We previously met the convolution operator:

$
    (f*g)(t) \equiv \int_0^t f(t-\tau)g(\tau)d\tau
$

and its discrete brother with their commutative property:

$
    (f*g)[n] \equiv \sum_{m=-\infty}^{\infty} f[m]g[n-m] =  \sum_{m=-\infty}^\infty f[n-m]g[m]
$

The important points being:
-  Convolution is the standard way to multiply functions, since multiplying them element-wise doesn't make sense most of the time.
- The operation itself requires pretty basic calculus.

### **Poisson Process** 

#### Introduction

The introduction of convolution in our discussion was motivated by the necessity for a rigorous method to compute the average of our spike sequence:

$
\rho (t) = \sum_{i=1}^{n} \delta (t-t_i)
$

Convolving a spike train with a temporal window yields $r(t)$, the time-varying spike rate. Examination of the aforementioned equation reveals its representation of a Linear Time-Invariant (LTI) system, characterized by a summation of delta functions at distinct time points. This observation underpins the mathematical foundations of our subsequent analysis.

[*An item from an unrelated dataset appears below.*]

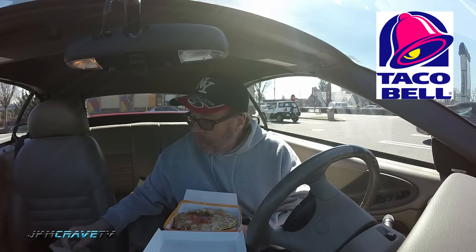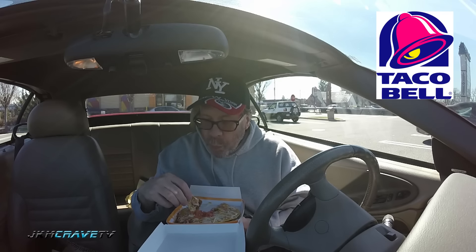Mmm. Very good. I love how the shell just crackles in your mouth and disintegrates along with the flavor of the Taco Bell beef, which everybody knows what that tastes like. It's nice and cheesy. Nice and warm. Well seasoned. Tastes really good. Mmm. Really, really good. Wow. That is really good.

Our objective is to delineate and scrutinize spike trains, explicitly excluding sub-threshold activities and treating spikes from a singular neuron as uniform. These presumptions, while rational, necessitate explicit acknowledgment. We acknowledge the inherent variability in spike timings; identical experimental conditions do not guarantee reproducible neuronal responses.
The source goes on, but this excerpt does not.